Well-Prepared for Berklee
Lamberti and Surman, who connected via the 2020 online Rock Workshop, are now both second-semester students at Berklee and grateful for the preparation Aspire provided.
For Lamberti, the production training was invaluable and Marty Walsh, who leads the Rock Workshop, was inspirational. “It wasn’t just about performance. It was a different side of music I didn’t know. I learned how to mic up a drum set and record,” she recalls. “Marty was so good with making everyone sound great.”
Surman chose to apply to the Rock Workshop as a vocalist, and that made all the difference. “It was a huge eye-opening experience,” he says. “I got so much fundamental knowledge, from ear training to harmony. I became an exponentially better singer and was pushed so far musically. Five-Week started me on that path.”

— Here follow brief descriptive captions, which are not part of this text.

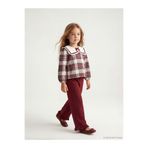 LC Waikiki Bordo Bebe Yaka Ekose Kız Çocuk Bluz Ve Pantolon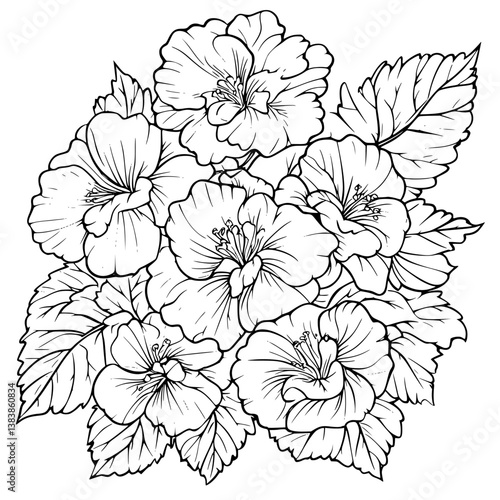 Begonia coloring book vector design, Begonia vector graphic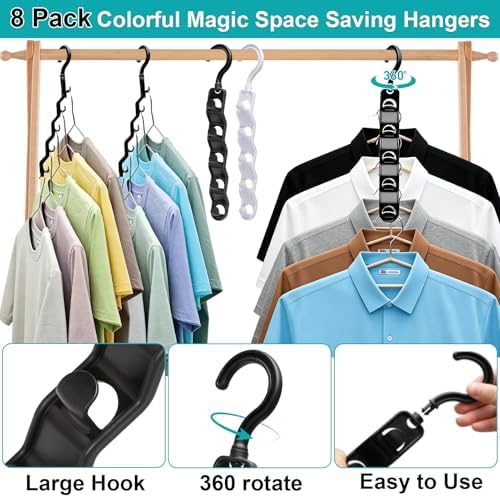 Closet Organizers and Storage,Upgraded Organization and Storage Clothes Hanger,10 Pack College Dorm Room Essentials,Sturdy Space Saving Hangers for Thick Clothe - Image 6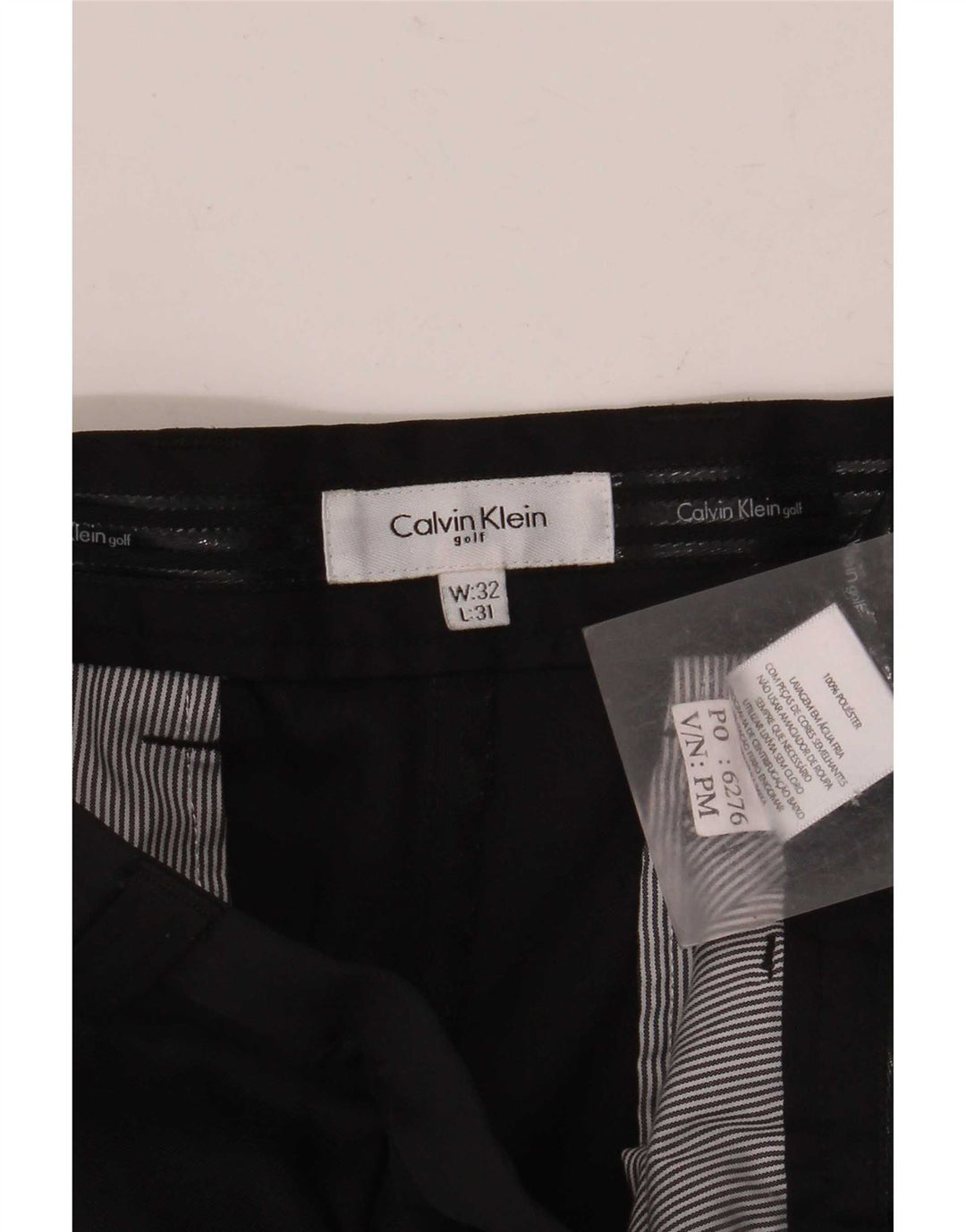 Calvin Klein Lige Chinobukser til mænd str. 32 W32 L31 Sort polyester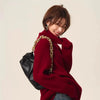Rollkragenpullover 100% Kaschmir Pullover Damen lose verdickend Anti-Aging Nische Vintage Roter Rundhals-Pullover Damen Langarm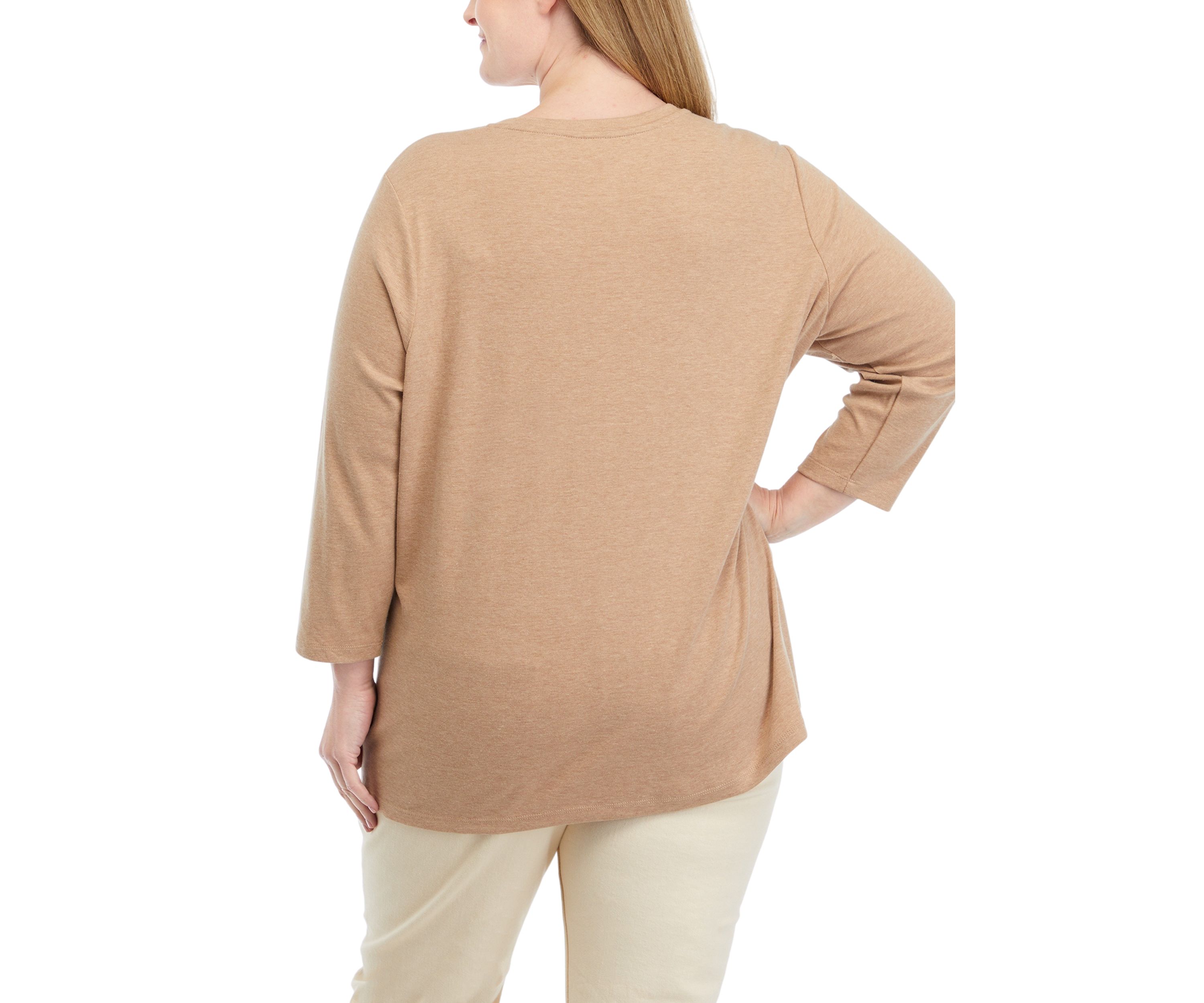 Plus Size 3/4 Sleeve Henley Shirt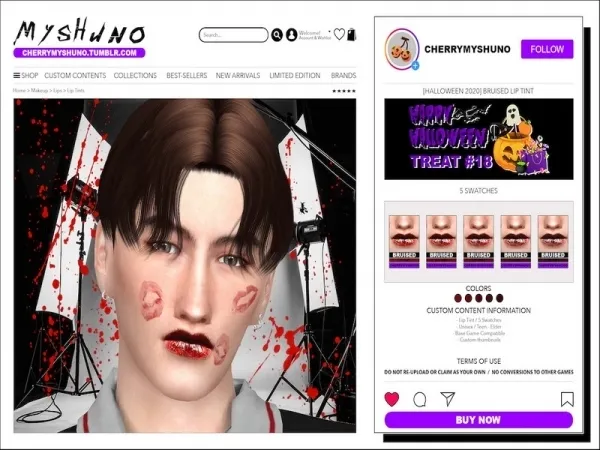Alpha cherrymyshuno's HALLOWEEN 2020 Bruised Lip Tint - The Sims 4 Custom Content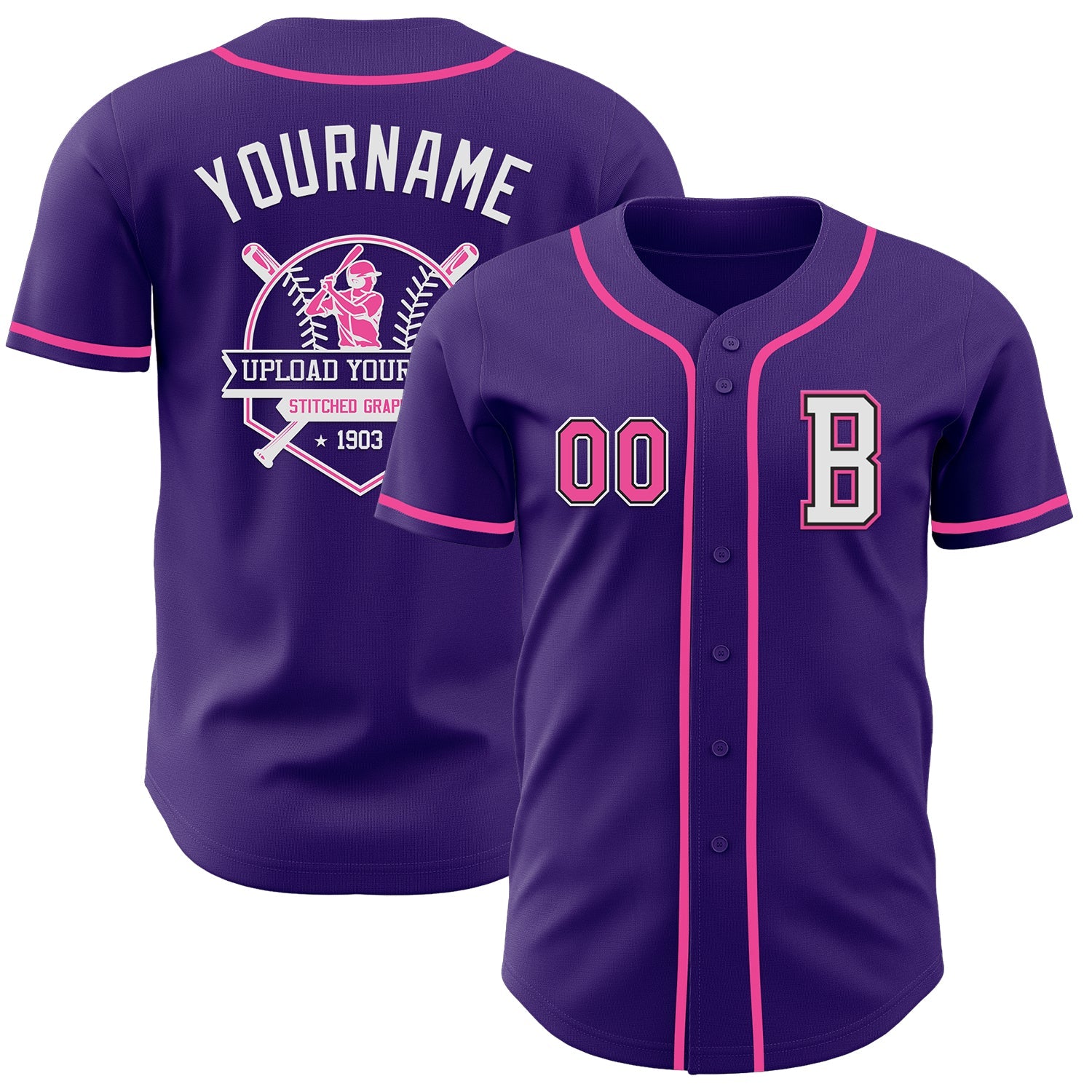 Custom Purple Pink-Black Authentic Baseball Jersey view 5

While attending the Rock Workshop, Surman was also able to connect what he was learning to real life, since he was simultaneously recording an album with his band. “I was in charge of overdubs and production and arrangement of the album. I remember using a lot of what I was learning in Five-Week, as it was immediately applicable to my own trade.” And after he finished the program, he embarked on a gap year during which he recorded music and demos and ultimately connected with a producer who invited him to his L.A. studio to record. His first song, "C'est la vie," was recently released.
Forming Lasting Connections
In addition to honing their performance and production skills during the summer program, both Lamberti and Surman were also able to stay connected not only to each other, but to some of the faculty they worked with, even after the program ended.
Lamberti studied musicianship with Mark Shilansky, and now studies ear training with him. “He’s so genuine and fun, and it’s been great to be able to continue the connection,” she says.
And in her first semester as an undergraduate, Lamberti received a text from Walsh, who said he needed a drummer for an ensemble he was leading. “It’s nice that he looks after you,” she says. “He wants you to get better and succeed.”
Similarly, Walsh invited Surman to be featured as a guest vocalist in his L.A. Studio Ensemble class his first semester. “His attention to detail is great. He’s analytical in a way that’s really effective. Plus, we got to hear cool stories about his time playing with Supertramp.”
For each, Five-Week provided them a launching pad for Berklee, where they are continuing to build their musicianship.
“It’s so inspiring to be around all these insanely talented creators and instrumentalists and singers,” says Surman, who has applied to be a music production and engineering major. “Being around this kind of talent pool is amazing. It’s a really great place to be and learn. It feels like a microcosm of the music industry.”
Lamberti, a music/business management major, is also appreciative of the community Berklee provides. “I’m absorbing all the talent, all the knowledge,” she says.